The first 5 hours were spent calling every 30 minutes for updates from Intel.  While the support agents speak clear English, they weren’t exactly helpful.  They were only able to let me know that engineering was looking at the case and had requested remote access to our network.  Now they did note, engineering NEVER asks to remotely connect… wow wasn’t I excited to hear that.

A little after 1pm a support tech named Ruonan called my cell phone and said she would be taking the case.  I have to say she is probably one of the most pleasant tech support agents I have spoken with.  So Ruonan contacted Galen at LeftHand Networks and we started digging into the problem.  Galen connected to the SAN via SSH and noticed that the files that should be on the drives to create the configuration were missing… Hence we can’t find the data on the SAN.

Ruonan instructs us to then boot to slax pocket Linux and browse for the files on the DOM.  So we load slax Linux on a CD and boot from disk to create a bootable jump drive…  One item learned, SLAX boot iso doesn’t have an installer as the instructions state so we can’t make the USB jump drive bootable.  So Jeremie downloads DSL (D*** Small Linux).  We load that on to the jump drive.  All this monkeying around takes about 3 hours….  We boot up the SAN to find that the files are missing on the old DOM too…

So where does this leave us, according to Galen 80% chance of needing to rebuild the SAN.  So when do you wave good-bye to your data you know is on the SAN and start the backup recovery process?  Ugh, the though of restoring 13 virtual servers including a SQL server doesn’t give me warm fuzzies.

So at 5 pm I make the dreaded call… we are going to restore the servers from backup.  We contact Mark Moreno our SAN channel partner and the rebuilding of the SAN begins.

For the rest of the night we build and boot up virtual server templates and start the restore process.  At 1 am its clear we aren’t going to be up and running by morning so I tell Jeremie its time for us to head home.

Tuesday…
I arrive at the office at 7am and we continue to work on rebuilding the virtual servers.
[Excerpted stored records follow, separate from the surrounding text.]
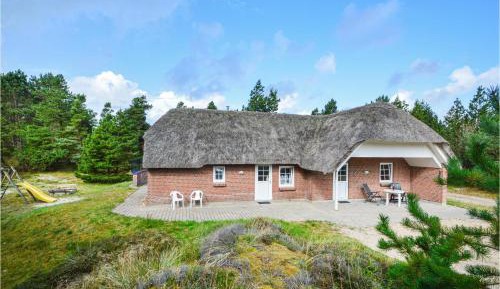 Four-Bedroom Holiday Home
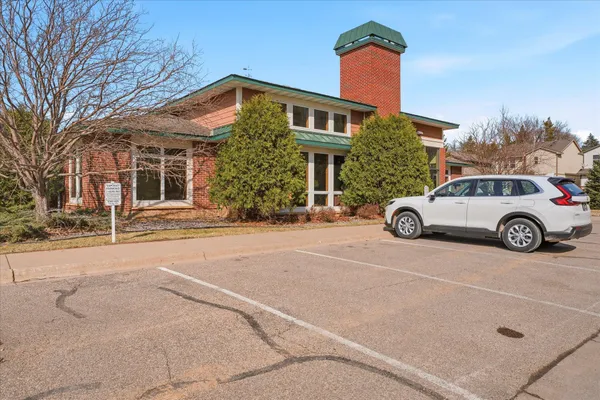 $239,900 | 1070 Grandview Court Northeast, Unit 414, Columbia Heights, MN 55421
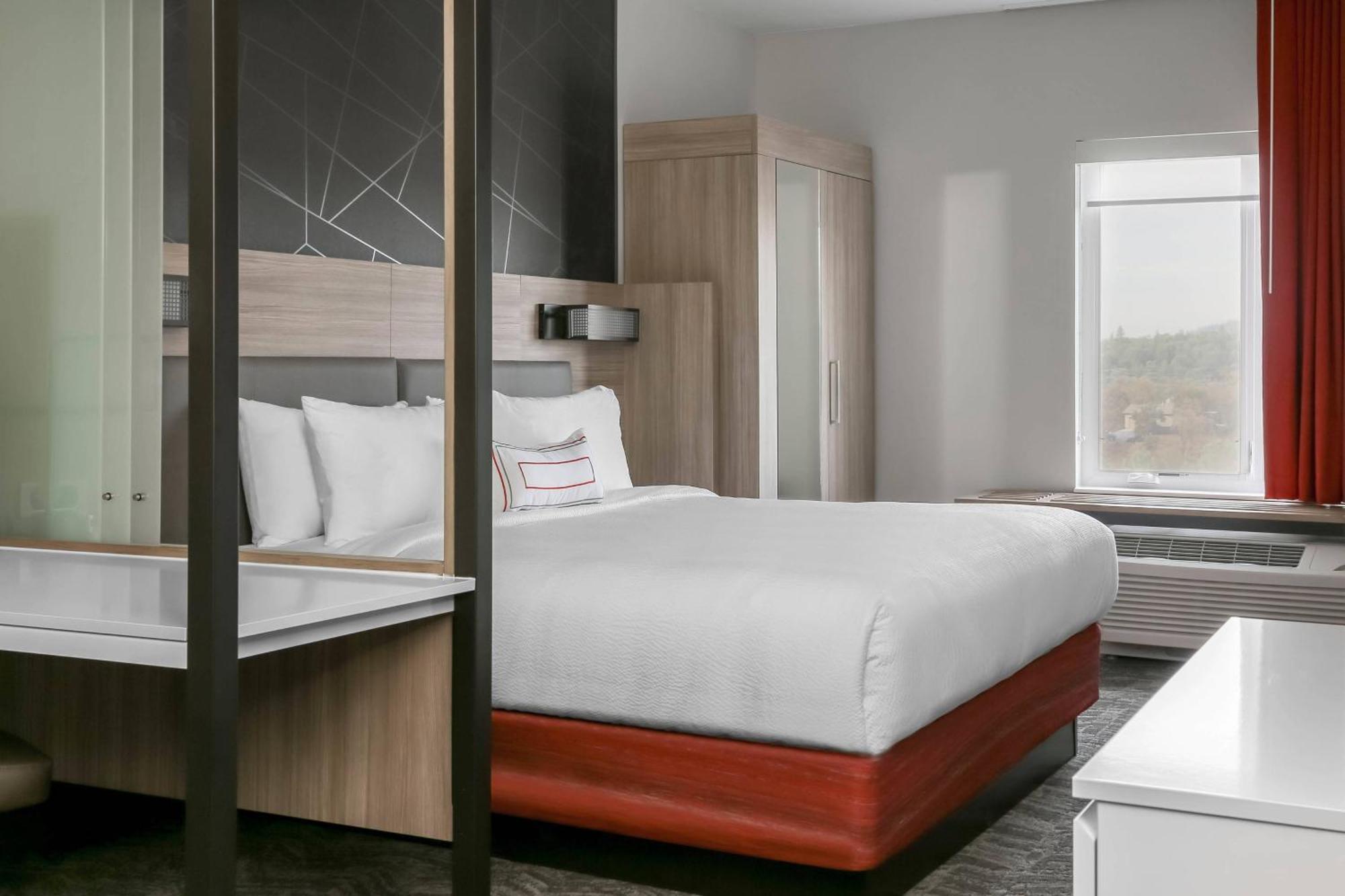 Hotel Vista Sierra Оберн Экстерьер фото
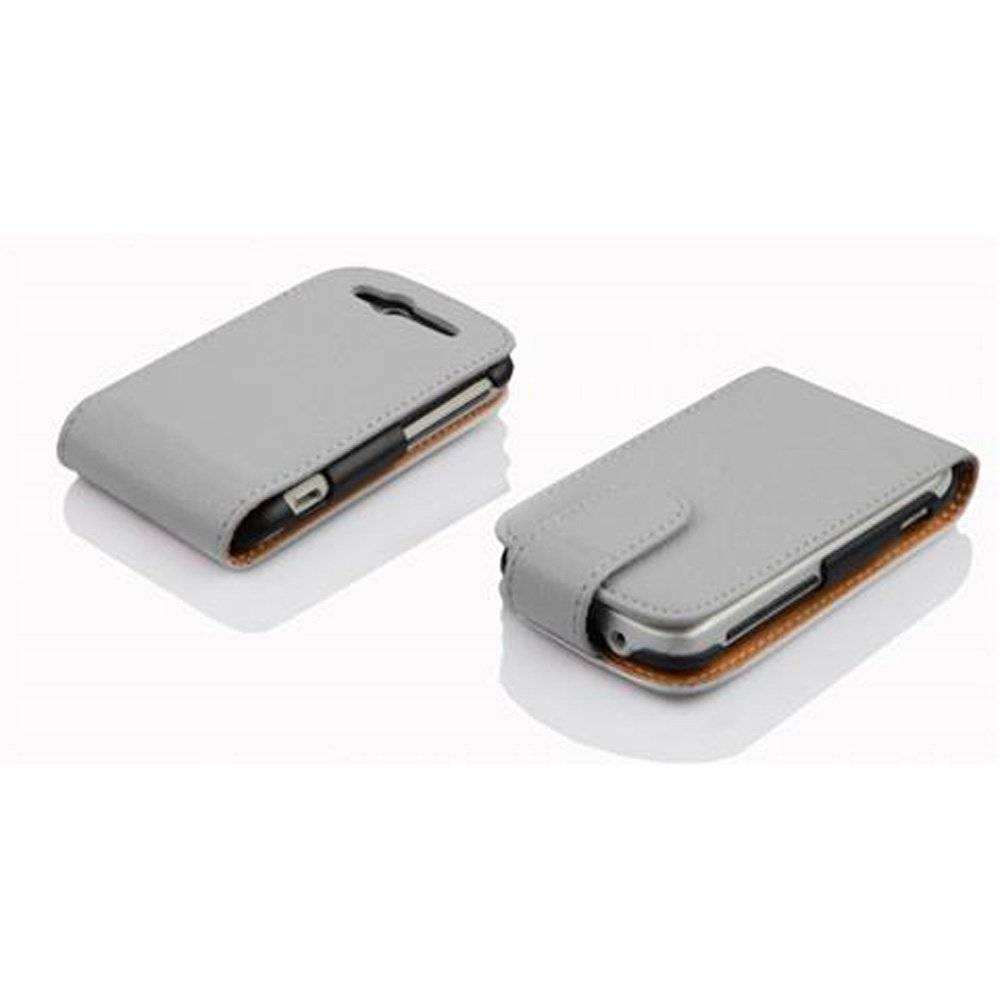 Cadorabo Hülle für HTC Wildfire S Hülle in MAGNESIUM WEIß - Handyhülle im Flip Design aus strukturiertem Textilleder - Case Cover Schutzhülle Et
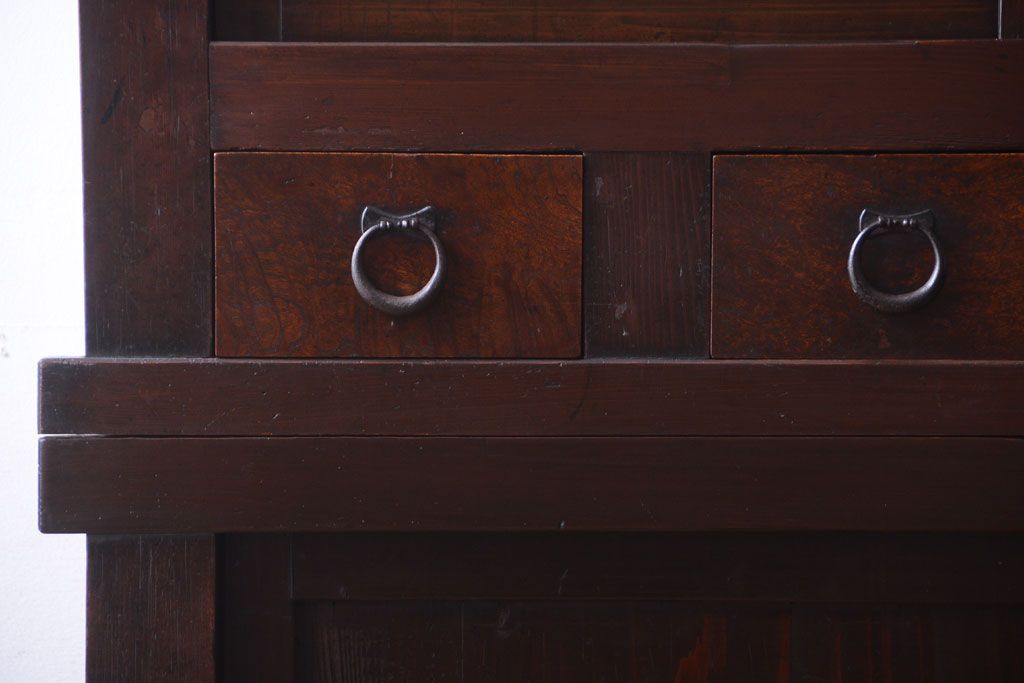 アンティーク家具　古民具・骨董　明治期　横桟引き戸付き!古い五尺水屋箪笥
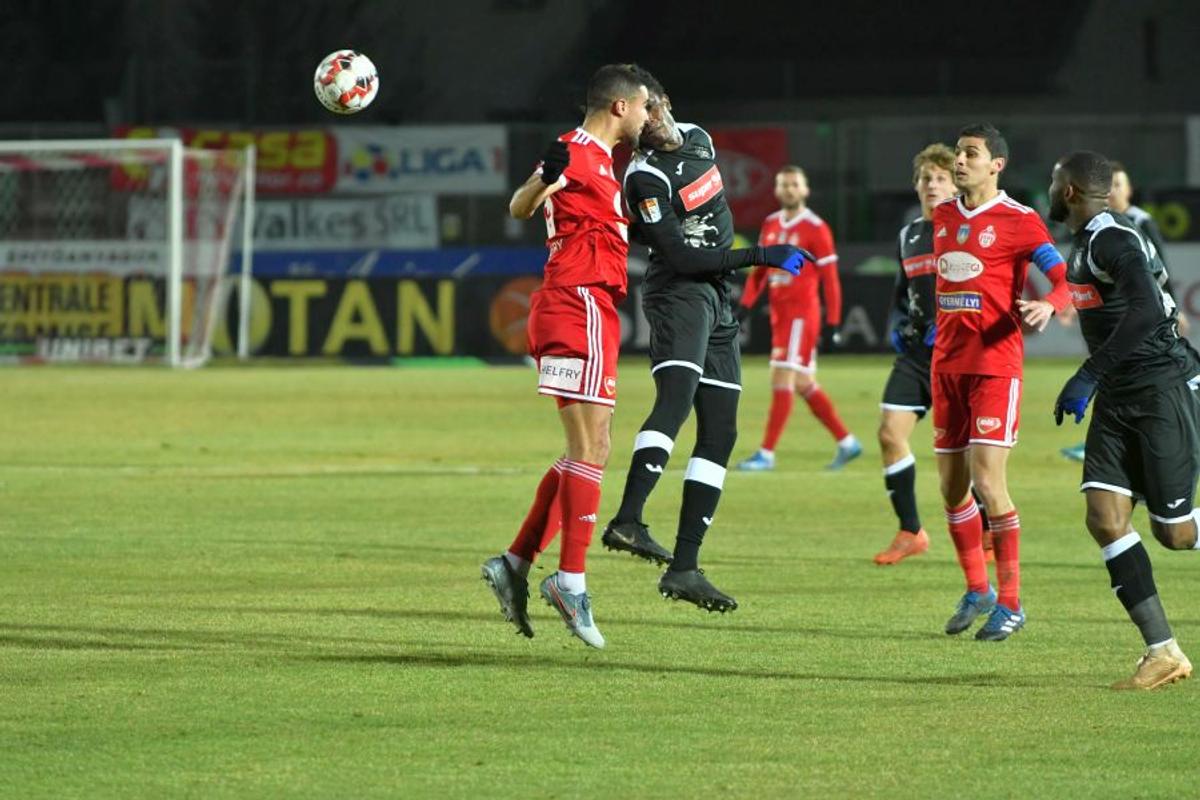 Decizie surprinzătoare în plină pandemie: clubul din Liga 1 care-și trimite jucătorii acasă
We did a system state restore to the print server and all the printers are back.. but the server isn’t stable… So we take the info about the print shares etc and start up a new template.   Around 9 am we have our Print Server back-online (minus 2 printers)…

I do have to say the restore process from our SonicWall CDP is really nice… We install the CDP client on the new Virtual servers and then right click on the directories and tell it to restore deleted directories and the process is under way. Need i say, no searching for tapes.  As soon as the data is back online, the directory is a watched folder again.

Around 2 pm the SAN is configured and ready for us to start restoring data. One bonus for the whole process, we configure the SAN with Load-balancing this time to utilize both NICs on the VM_Hosts and configure the mirroring and array in RAID 5 and gain almost a full TB of storage space.

We attempted to restore our SQL databases to the newly built SQL server but no luck.  A 2 hour call to Microsoft and a few tweaks on the permissions and using the cilconfig tool and we are able to remotely access to the SQL server.  But now the Desktop Authority application fails when we install… And of course DA support is closed.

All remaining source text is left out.